Three years after this tragic incident, Physicians for Social Responsibility invited Iris to speak at a meeting the group was hosting in New York City. After Iris talked about her son’s murder, the invited guests – about twenty doctors and other concerned community members – viewed several public service announcements produced by the October 22nd Coalition to Stop Police Brutality, Repression, and the Criminalization of a Generation. One of the PSAs memorialized Anthony’s story, and the guests decided to “adopt” this spot. Money was collected specifically to purchase airtime on Black Entertainment Television (as opposed to simply submitting the PSA and hoping BET would choose to show it). This paid broadcast ensured that Anthony Baez’s story and the broader issue of police brutality would be brought to 250,000 households across America.
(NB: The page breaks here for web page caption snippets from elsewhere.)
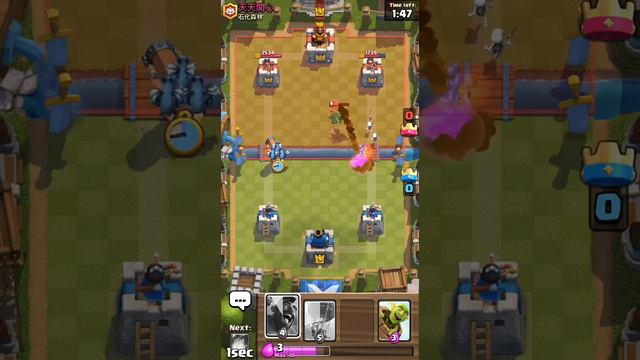CLIMB UP THE ARENA CHALLENGE | NEW EMOJIS & UPDATE | CLASH ROYALE смотреть онлайн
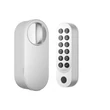 Aqara U200 Smart Lock utólag felszerelhető zárbetét, Matter kompatibilis, fehér színű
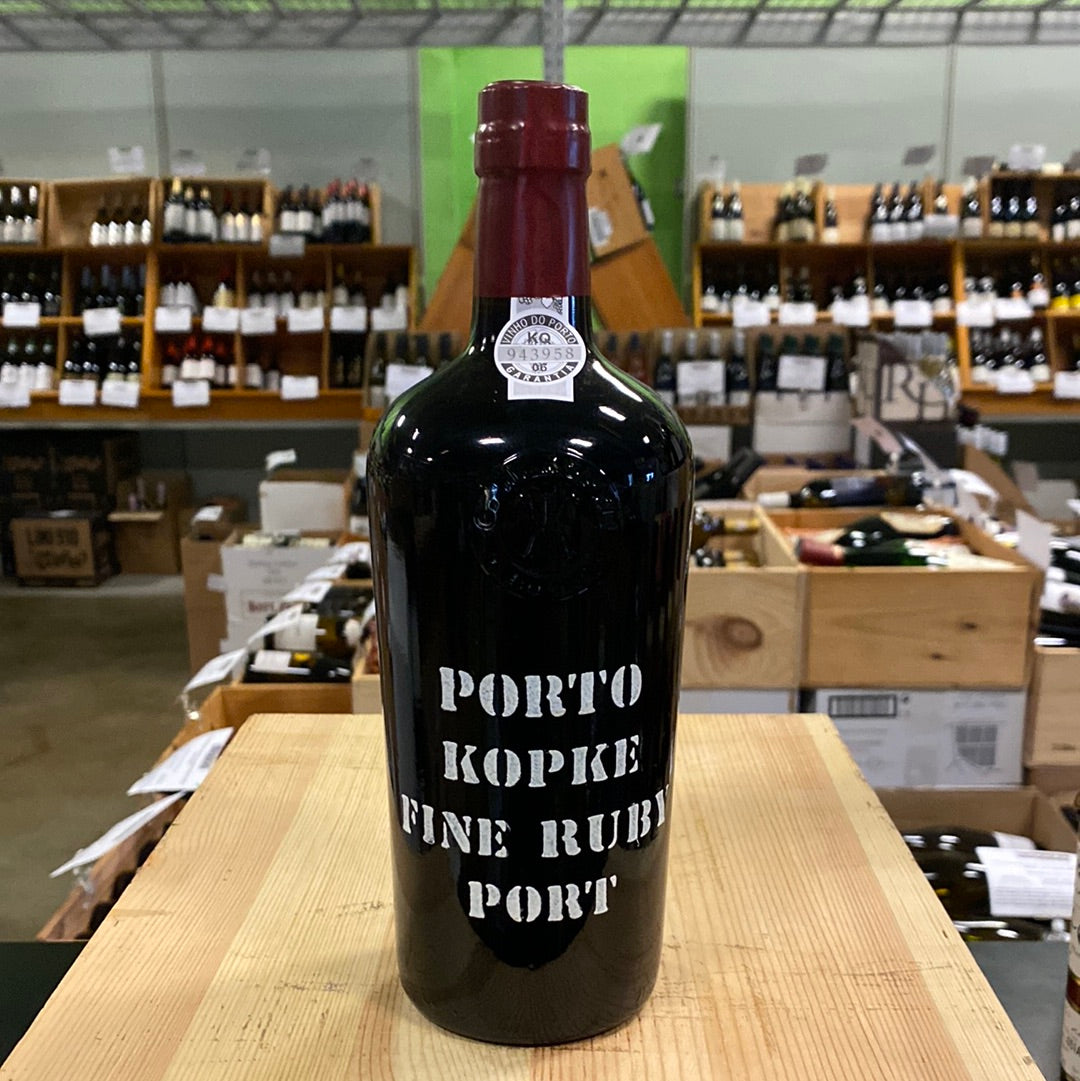 Kopke Fine Ruby Port 375ml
For the October 22nd Coalition, this was the birth of “Adopt-a-Spot,” an unconventional strategy for raising money and awareness. David Lindblom, the New York-based filmmaker who supervised production of the Baez PSA, told me that the approach was born of necessity. “There are two responses to police brutality,” Lindblom said. “One is from people who say, ‘Look: this is what I’m talking about. This happens to people like me all the time.’ And the other is from people who say, ‘I heard this happens but I don’t know the extent of it. I’ve never really talked to someone who’s been through it.’ We wanted to put these two groups together in the same room.” Letting these people meet would begin a public education process at a grassroots level, but the October 22nd Coalition also wanted to educate on a national scale – and that required money it didn’t have.
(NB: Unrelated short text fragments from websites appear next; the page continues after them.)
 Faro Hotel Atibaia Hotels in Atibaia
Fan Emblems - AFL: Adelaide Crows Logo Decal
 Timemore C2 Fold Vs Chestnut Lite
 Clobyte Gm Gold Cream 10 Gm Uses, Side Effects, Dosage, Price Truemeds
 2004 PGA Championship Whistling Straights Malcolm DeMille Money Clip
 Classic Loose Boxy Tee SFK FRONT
What the Coalition did have, however, was Lindblom and other talented artists who would donate their time. Operating on a shoestring budget, Lindblom and his colleagues produced over twenty PSAs featuring parents of the victims of police brutality, leaders of the African American and Hispanic community, and news clips catching police in horrific acts. The emotionally potent thirty-second spots asked viewers to send in stories about police brutality and to wear black on October 22nd, a national day of protest. Traditionally, public interest groups set their media budgets first and then produce their PSAs, but the Iris Baez meeting proved that the rules could be broken. Lindblom’s spots were a powerful draw – strong enough to attract the money needed to finance their broadcast.

Since that first meeting, the Coalition has launched similar Adopt-a-Spot campaigns in North Carolina, Chicago, and New York. According to managing director Katharine Lee, the meetings remain small (about 15 to 20 people), and the funds raised are similarly modest, but since the Coalition has negotiated extremely friendly rates with outlets such as BET, the PSAs are getting air time. The campaign has also attracted celebrity participation: Wyclef Jean (a Fugee at the time of his appearance) stars in a spot that has aired on MTV over 60 times. It is still difficult to quantify the impact these PSAs are having on public opinion, but their effect on the parents of the victims is unmistakable. Nicholas Heyward appeared in one spot to describe how his 13-year old son, Nicholas, Jr., was killed by a police officer while playing cops and robbers with his friends. After seeing the PSA for the first time, Heyward said, “I felt that I was helping not only my son, but a large variety of children and families who need to recognize this was an epidemic around the country.”

Perhaps it was inevitable that supporters of the October 22nd Coalition would turn the communications model upside-down. They have seen law-enforcers become law-breakers and have watched heart-breaking, unforgettable stories pass into history unnoticed. Their world is already upside-down. But I hope you won’t automatically conclude that their innovative Adopt-a-Spot strategy is suited to them alone. Donors like to know precisely what their dollars will do, and Adopt-a-Spot appeals to this desire. The grassroots meetings offer an opportunity to engage your supporters at one level while preparing for wider outreach at another. If you have finished PSAs (for TV or radio), print ads, or even direct mail pieces that could touch more people if only you had a few more dollars, perhaps it’s time to put some of them up for adoption.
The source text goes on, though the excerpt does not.